Lima biji bawah nilainya = 1 biji di atasnya = 5 hitungan. Biji yang di bawah, berturut-turut dari no.1, 2, 3, 4, dst nilainya 1, 10, 100, 1.000 dst, Biji yang diatas nilainya 5, 50, 500, 5.000 dst. Lima biji bawah dapat dipertukarkan dengan 1 biji atas.

PENEMPATAN ANGKA.

Sekarang kita letakan di bagian bawah, mulai no.5 - 1 biji; no.4 - 2 biji; no.3 - 3 biji; no.2 - 4 biji dan no.1 - 5 biji.

Apa yang kita lihat di papan swi-phoa adalah angka 12.345 (dua belas ribu tiga ratus empat puluh lima).
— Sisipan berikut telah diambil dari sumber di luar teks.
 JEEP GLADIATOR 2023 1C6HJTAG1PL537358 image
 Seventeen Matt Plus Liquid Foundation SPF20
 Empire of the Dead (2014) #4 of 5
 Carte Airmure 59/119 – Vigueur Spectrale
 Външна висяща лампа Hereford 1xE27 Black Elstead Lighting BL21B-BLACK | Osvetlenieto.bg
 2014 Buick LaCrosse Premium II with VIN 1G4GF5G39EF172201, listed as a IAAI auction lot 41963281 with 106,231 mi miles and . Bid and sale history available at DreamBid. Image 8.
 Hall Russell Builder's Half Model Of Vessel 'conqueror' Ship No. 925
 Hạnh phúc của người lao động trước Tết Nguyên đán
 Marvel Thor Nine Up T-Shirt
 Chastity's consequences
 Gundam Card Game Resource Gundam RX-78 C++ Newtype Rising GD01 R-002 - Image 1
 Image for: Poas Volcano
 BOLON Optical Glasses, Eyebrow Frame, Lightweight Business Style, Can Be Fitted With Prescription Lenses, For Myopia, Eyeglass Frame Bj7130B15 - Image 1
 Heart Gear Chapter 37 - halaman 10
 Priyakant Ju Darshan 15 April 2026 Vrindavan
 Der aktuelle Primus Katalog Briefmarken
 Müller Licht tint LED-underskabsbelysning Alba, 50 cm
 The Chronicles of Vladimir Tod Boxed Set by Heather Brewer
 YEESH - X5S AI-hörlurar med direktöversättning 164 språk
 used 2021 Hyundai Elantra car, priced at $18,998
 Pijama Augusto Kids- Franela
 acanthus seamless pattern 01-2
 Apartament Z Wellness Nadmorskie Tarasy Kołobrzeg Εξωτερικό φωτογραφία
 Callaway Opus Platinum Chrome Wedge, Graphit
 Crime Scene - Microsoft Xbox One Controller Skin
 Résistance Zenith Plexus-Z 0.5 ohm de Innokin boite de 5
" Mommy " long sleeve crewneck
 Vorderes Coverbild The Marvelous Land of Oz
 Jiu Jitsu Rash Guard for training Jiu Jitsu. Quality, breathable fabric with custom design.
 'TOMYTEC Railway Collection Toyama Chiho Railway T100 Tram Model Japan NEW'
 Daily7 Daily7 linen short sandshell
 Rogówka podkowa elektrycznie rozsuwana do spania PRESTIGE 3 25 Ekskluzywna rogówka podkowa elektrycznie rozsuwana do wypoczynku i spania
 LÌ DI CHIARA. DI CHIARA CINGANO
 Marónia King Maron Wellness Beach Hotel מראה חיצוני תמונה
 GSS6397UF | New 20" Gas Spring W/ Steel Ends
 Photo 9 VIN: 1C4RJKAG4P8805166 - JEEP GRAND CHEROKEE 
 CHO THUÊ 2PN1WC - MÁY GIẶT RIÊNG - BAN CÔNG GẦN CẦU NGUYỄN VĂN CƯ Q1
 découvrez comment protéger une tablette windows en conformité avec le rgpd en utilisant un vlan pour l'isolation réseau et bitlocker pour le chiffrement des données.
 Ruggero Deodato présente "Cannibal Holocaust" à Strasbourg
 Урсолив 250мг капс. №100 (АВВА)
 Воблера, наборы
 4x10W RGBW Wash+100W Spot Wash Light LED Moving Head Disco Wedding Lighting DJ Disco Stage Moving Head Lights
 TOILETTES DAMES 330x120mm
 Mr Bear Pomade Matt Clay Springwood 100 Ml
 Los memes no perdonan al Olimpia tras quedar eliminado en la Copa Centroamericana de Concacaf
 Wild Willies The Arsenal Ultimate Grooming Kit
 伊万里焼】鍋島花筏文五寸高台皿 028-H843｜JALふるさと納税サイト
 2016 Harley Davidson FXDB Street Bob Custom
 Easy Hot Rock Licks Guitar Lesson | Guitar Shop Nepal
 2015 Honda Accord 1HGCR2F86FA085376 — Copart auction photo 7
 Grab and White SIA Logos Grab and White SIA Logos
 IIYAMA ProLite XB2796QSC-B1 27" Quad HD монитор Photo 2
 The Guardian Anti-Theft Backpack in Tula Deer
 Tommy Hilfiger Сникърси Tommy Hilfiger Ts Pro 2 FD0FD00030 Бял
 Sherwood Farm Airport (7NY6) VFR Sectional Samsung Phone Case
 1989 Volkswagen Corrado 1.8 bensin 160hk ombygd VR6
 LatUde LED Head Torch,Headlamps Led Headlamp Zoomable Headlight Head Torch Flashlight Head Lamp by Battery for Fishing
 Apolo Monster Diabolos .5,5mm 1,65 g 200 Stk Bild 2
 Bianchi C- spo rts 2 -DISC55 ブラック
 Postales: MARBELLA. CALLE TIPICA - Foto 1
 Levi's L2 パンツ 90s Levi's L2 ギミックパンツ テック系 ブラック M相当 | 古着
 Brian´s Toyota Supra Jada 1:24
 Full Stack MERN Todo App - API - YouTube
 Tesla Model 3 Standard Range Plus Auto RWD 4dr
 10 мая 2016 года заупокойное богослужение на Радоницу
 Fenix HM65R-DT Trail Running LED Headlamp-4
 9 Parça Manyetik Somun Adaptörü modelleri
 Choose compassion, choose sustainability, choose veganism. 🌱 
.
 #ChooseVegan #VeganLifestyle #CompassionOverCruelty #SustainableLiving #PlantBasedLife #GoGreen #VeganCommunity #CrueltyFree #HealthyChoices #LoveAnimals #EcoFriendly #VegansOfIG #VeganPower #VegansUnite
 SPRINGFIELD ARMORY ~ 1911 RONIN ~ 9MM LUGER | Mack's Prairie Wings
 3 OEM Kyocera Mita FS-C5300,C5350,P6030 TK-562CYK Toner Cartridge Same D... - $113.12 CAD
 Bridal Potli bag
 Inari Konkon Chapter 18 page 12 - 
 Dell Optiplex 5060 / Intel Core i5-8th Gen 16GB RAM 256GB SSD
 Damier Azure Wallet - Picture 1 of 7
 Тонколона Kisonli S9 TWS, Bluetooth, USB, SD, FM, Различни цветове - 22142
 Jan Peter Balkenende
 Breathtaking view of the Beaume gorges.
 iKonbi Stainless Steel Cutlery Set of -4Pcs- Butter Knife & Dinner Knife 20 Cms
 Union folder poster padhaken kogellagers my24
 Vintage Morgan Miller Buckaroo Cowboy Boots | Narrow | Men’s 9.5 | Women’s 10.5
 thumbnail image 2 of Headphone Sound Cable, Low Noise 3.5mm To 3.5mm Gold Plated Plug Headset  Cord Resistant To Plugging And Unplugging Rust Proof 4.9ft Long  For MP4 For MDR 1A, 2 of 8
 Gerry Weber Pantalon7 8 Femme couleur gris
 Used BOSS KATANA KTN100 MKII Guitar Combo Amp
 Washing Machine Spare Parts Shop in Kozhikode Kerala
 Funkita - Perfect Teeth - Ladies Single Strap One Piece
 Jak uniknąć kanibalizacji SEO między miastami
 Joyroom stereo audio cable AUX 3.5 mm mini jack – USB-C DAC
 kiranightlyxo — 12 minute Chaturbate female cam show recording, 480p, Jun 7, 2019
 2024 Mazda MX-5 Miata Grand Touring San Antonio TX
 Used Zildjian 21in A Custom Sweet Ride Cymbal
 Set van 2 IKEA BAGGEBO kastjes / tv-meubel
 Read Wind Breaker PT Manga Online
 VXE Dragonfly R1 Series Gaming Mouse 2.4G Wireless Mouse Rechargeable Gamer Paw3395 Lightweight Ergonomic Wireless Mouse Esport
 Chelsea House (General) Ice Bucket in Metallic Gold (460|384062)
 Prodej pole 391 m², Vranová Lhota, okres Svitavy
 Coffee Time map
Untuk sementara desimal kita abaikan. Latihlah berulang kali sampai kita hafal cara menempatkan angka di papan swi-phoa. Tahap berikutnya kita coba untuk menempatkan angka 123.456.789 (seratus dua puluh tiga juta, empat ratus lima puluh enam ribu, tujuh ratus delapan puluh sembilan).

Letakan pada lajur no.9 s/d 5 berturut-turut : 1 biji; 2 biji; 3 biji; 4 biji; dan 5 biji. Semuanya biji yang ada di bagian bawah. Kemudian pada lajur no.4 letakan 1 biji di bagian atas + 1 biji di bagian bawah, nilainya = 6. Pada lajur no.3 letakan 1 biji di atas + 2 biji di bawah, nilainya = 7. Pada no.2 letakan 1 biji di atas + 3 biji di bawah, nilainya = 8. Pada no.1 letakan 1 biji di atas + 4 biji di bawah, nilainya = 9.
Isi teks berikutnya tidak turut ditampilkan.